WORK TO COMPLETE:
From the material below, reproduce exactly the stretch of lines that begins with the line holding "Đánh giá đồng hồ Casio về độ chính xác" and ends with the line holding "奥州前沢よさこいFesta1", skipping the pictures.

MATERIALS PROVIDED:
..........

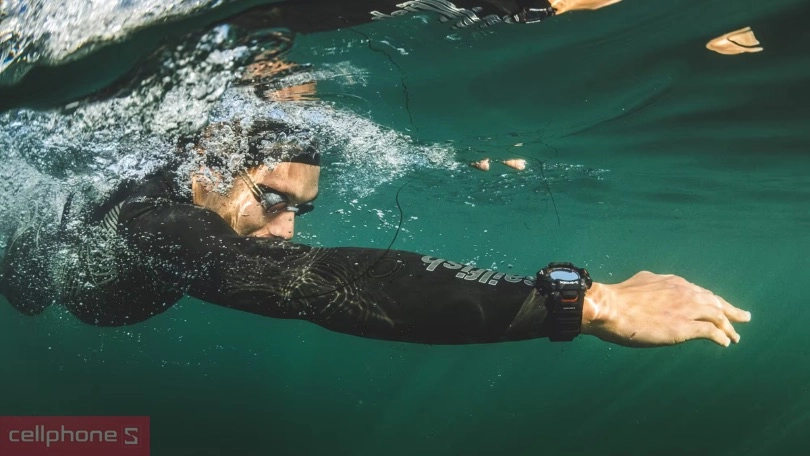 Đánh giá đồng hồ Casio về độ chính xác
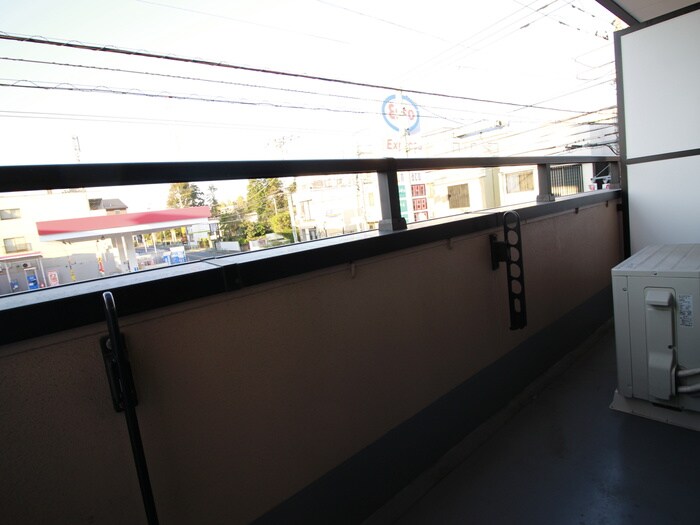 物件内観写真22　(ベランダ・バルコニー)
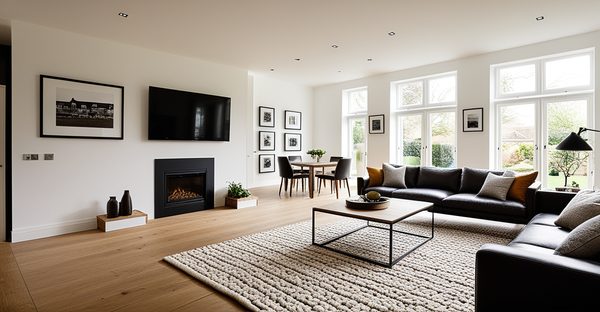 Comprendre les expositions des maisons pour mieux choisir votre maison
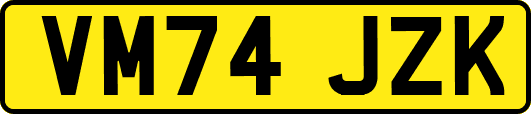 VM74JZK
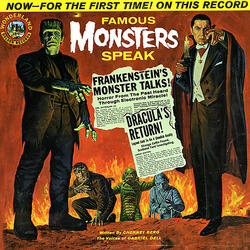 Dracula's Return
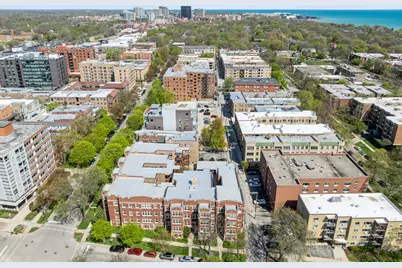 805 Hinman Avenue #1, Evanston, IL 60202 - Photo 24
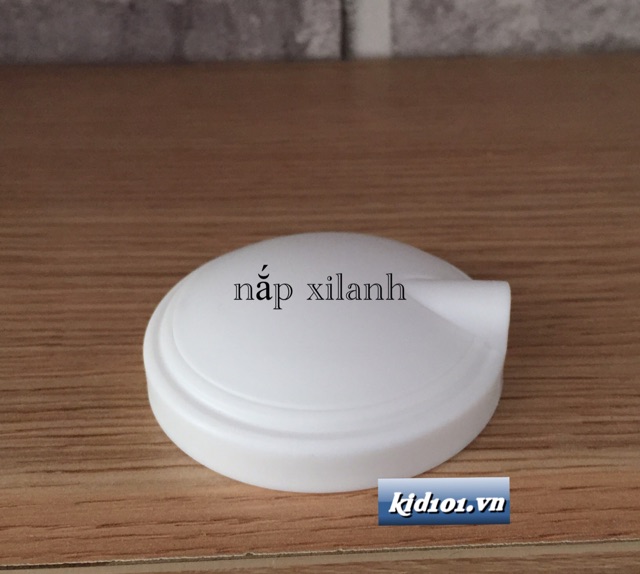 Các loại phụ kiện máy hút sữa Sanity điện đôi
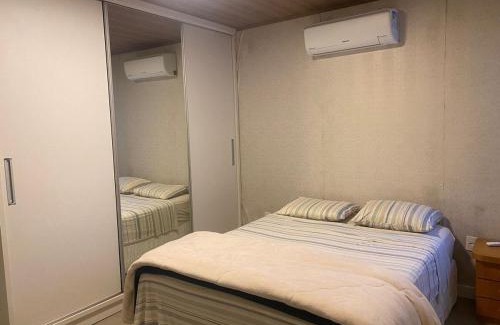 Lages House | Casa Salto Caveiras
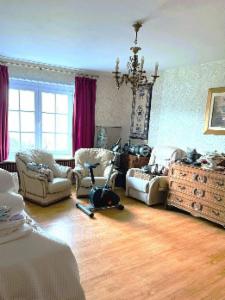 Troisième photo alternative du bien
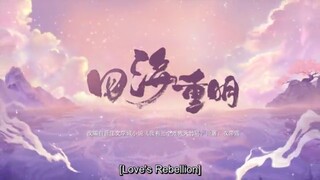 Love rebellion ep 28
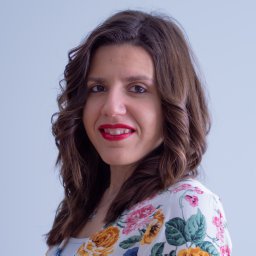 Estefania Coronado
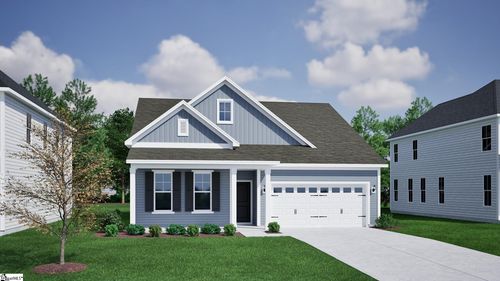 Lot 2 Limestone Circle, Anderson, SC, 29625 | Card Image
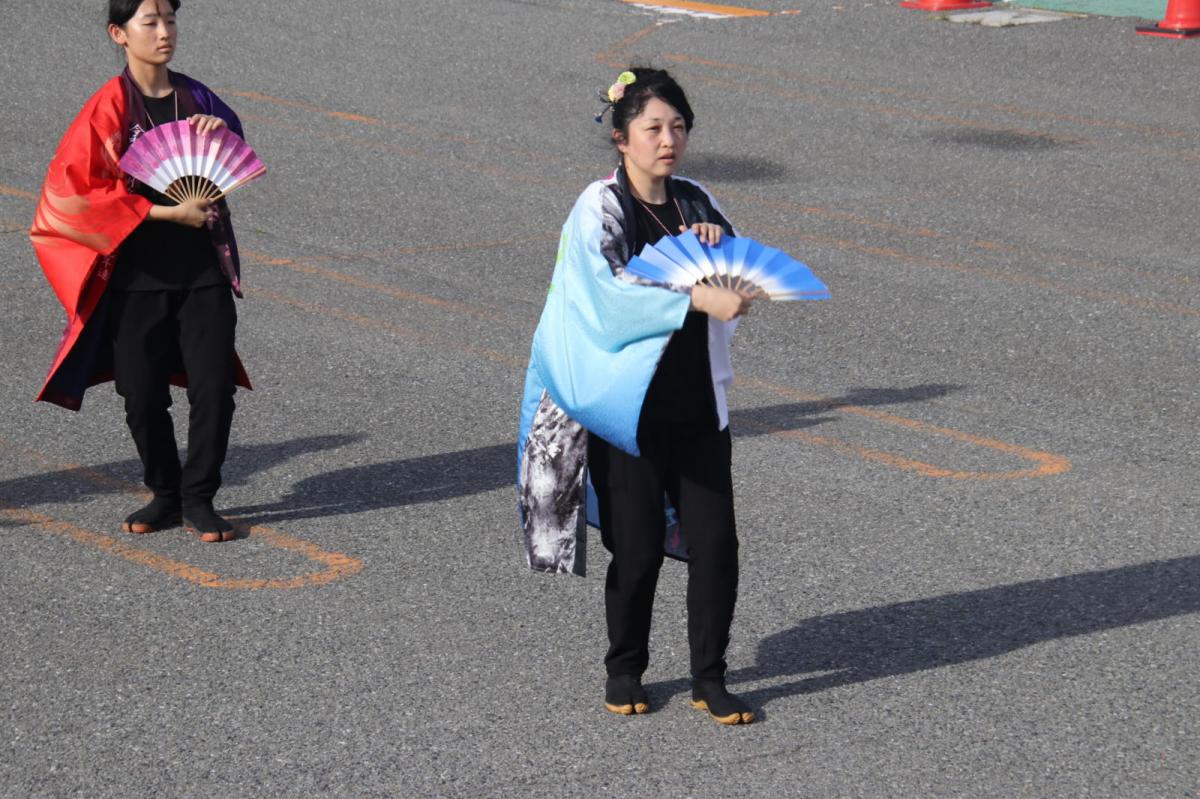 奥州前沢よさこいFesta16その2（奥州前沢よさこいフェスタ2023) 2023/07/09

..........

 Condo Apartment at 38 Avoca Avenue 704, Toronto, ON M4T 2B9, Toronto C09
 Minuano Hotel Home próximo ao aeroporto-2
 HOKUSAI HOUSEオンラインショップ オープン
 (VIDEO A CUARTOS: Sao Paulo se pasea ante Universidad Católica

..........

EXPECTED ANSWER:
 Đánh giá đồng hồ Casio về độ chính xác
 物件内観写真22　(ベランダ・バルコニー)
 Comprendre les expositions des maisons pour mieux choisir votre maison
 VM74JZK
 Dracula's Return
 805 Hinman Avenue #1, Evanston, IL 60202 - Photo 24
 Các loại phụ kiện máy hút sữa Sanity điện đôi
 Lages House | Casa Salto Caveiras
 Troisième photo alternative du bien
 Love rebellion ep 28
 Estefania Coronado
 Lot 2 Limestone Circle, Anderson, SC, 29625 | Card Image
 奥州前沢よさこいFesta16その2（奥州前沢よさこいフェスタ2023) 2023/07/09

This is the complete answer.